- **RECORDED DATA**
______
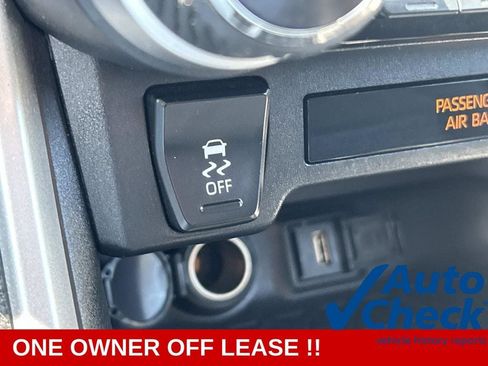 Used 2022 Toyota RAV4 XLE AWD/4WD image 28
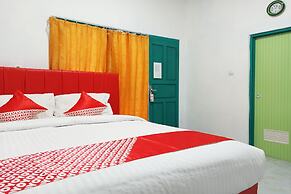 Super OYO 1377 Os Residence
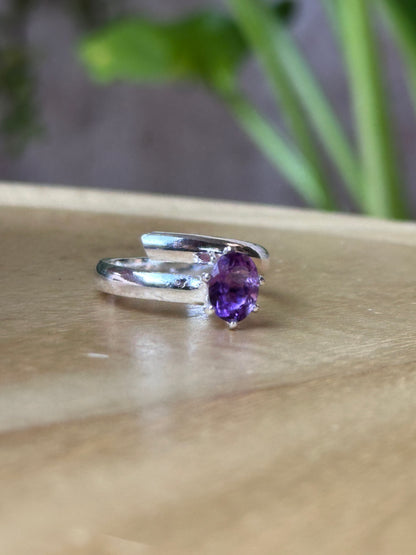 Anillo Ajustable de Amatista Facetada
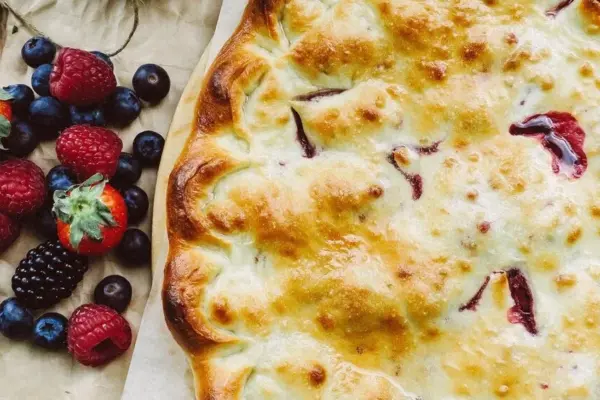 Berries on pizza? This unexpected combination with goat cheese will become your favorite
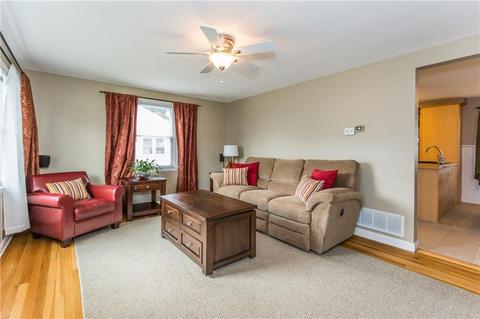 263 Pierce Ave, Warwick, RI 02888 photo 3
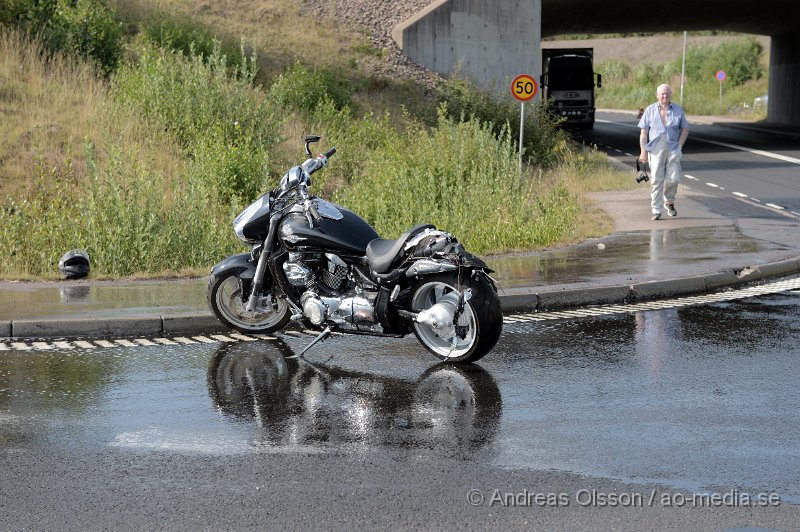 DSC_3364.JPG - Vid 15.53 larmades räddningstjänst, ambulans och polis till Mölletofta där det enligt första uppgifter ska ha varit en kollision mellan en lastbil och en motorcykel. När man kom fram till platsen låg det en motorcykel mitt i korsningen och man påbörjade återlivnings försök på mc föraren. Tyvärr gick inte mannens liv att rädda. Det är oklart hur olyckan har gått till och om motorcykeln har kolliderat med lastbilen eller inte. Vägen var helt avstängd under arbetet.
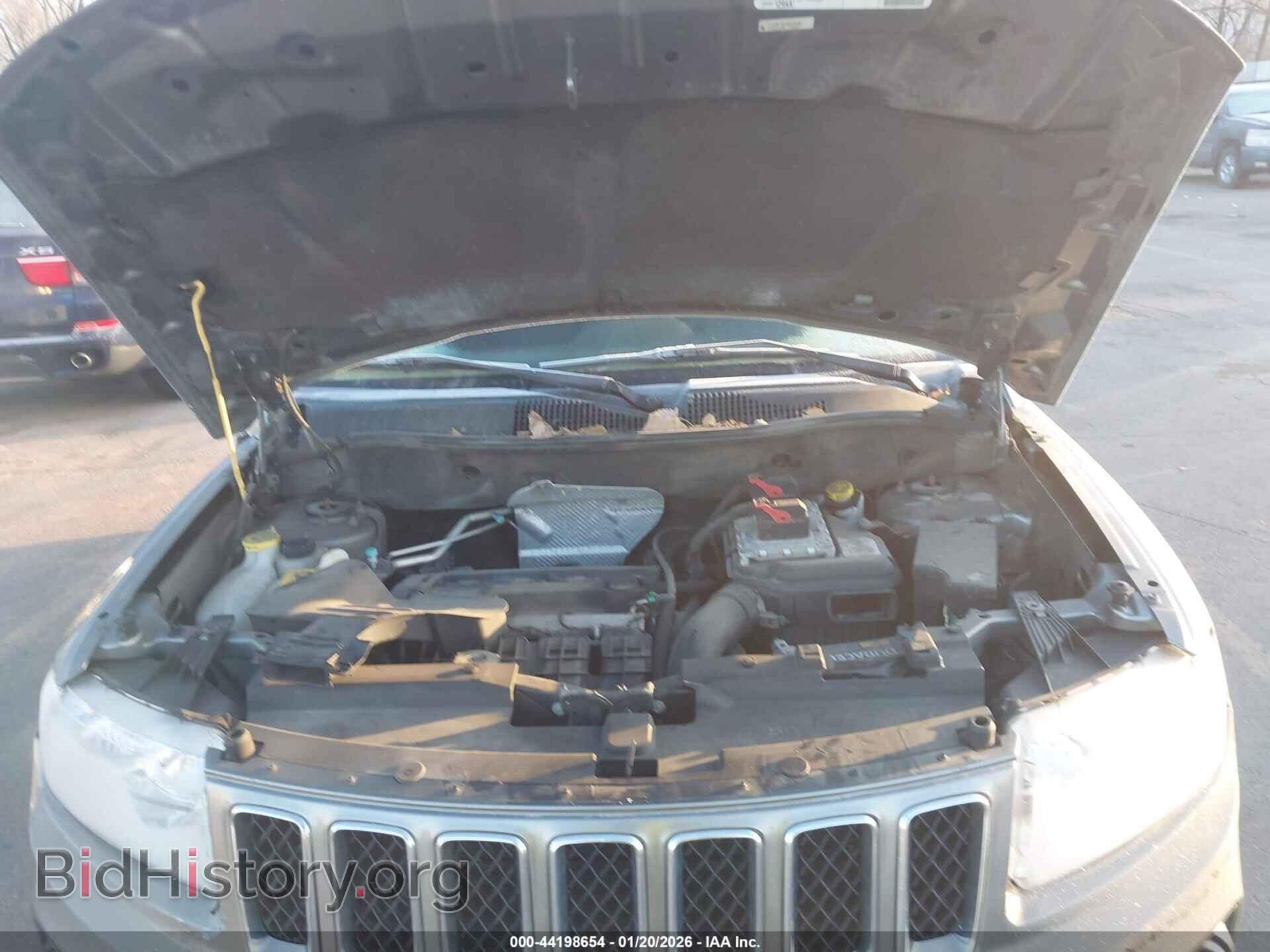 2011 JEEP COMPASS - VIN: 1J4NT1FA4BD209590 - Photo 10
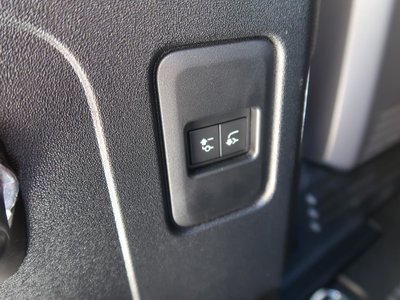 LAND ROVER DEFENDER - 9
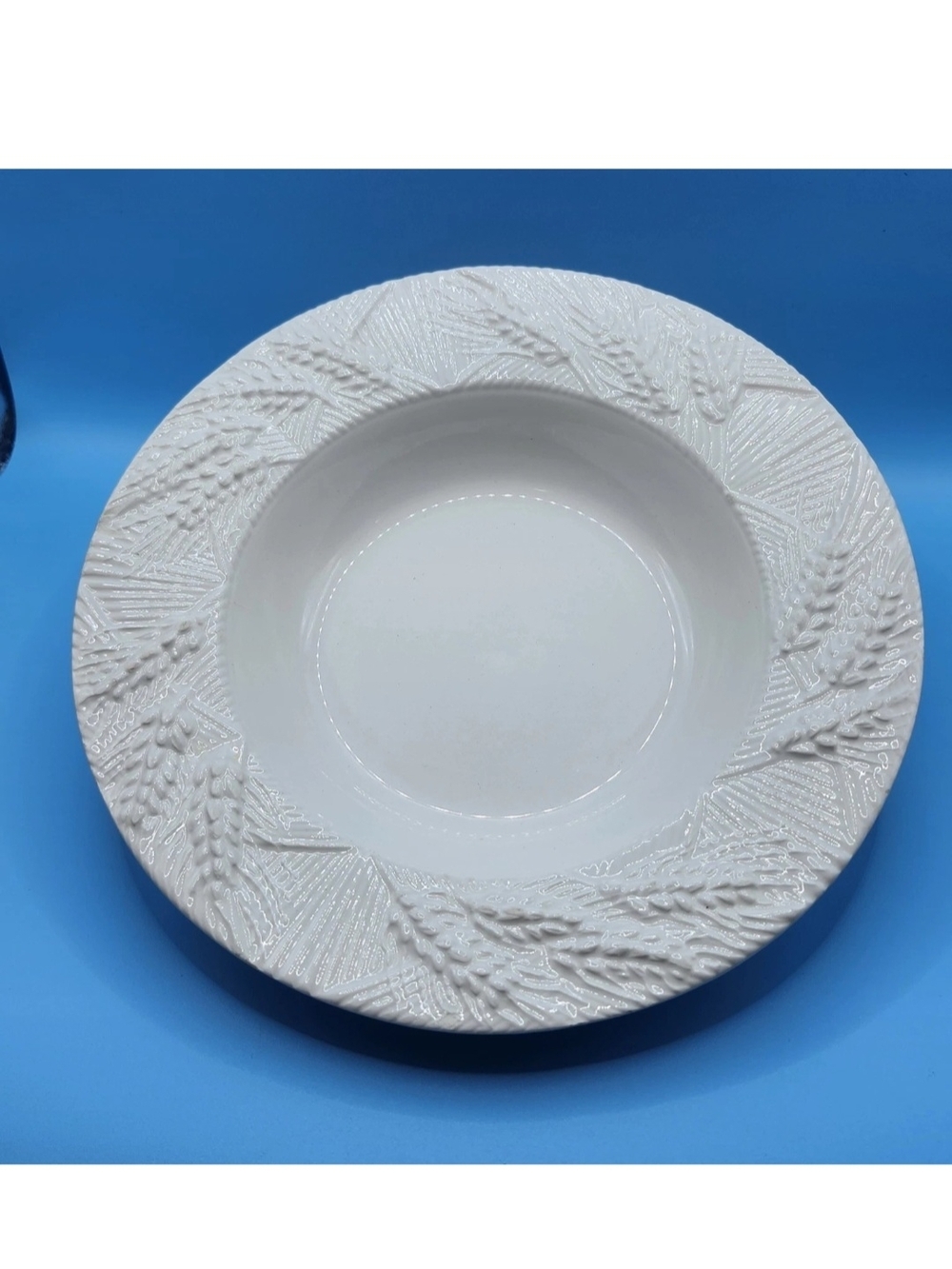 White Williams and Sonoma Braided wheat pattern made in Italy set of 6soup bowls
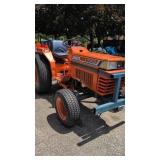 Kubota L2250 Tractor w blade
______
- **TASK GOAL**
The records above should be written out exactly, and the images dropped.

- **ANSWER TO THE PROBLEM**
 Used 2022 Toyota RAV4 XLE AWD/4WD image 28
 Super OYO 1377 Os Residence
 Anillo Ajustable de Amatista Facetada
 Berries on pizza? This unexpected combination with goat cheese will become your favorite
 263 Pierce Ave, Warwick, RI 02888 photo 3
 DSC_3364.JPG - Vid 15.53 larmades räddningstjänst, ambulans och polis till Mölletofta där det enligt första uppgifter ska ha varit en kollision mellan en lastbil och en motorcykel. När man kom fram till platsen låg det en motorcykel mitt i korsningen och man påbörjade återlivnings försök på mc föraren. Tyvärr gick inte mannens liv att rädda. Det är oklart hur olyckan har gått till och om motorcykeln har kolliderat med lastbilen eller inte. Vägen var helt avstängd under arbetet.
 2011 JEEP COMPASS - VIN: 1J4NT1FA4BD209590 - Photo 10
 LAND ROVER DEFENDER - 9
 White Williams and Sonoma Braided wheat pattern made in Italy set of 6soup bowls
 Kubota L2250 Tractor w blade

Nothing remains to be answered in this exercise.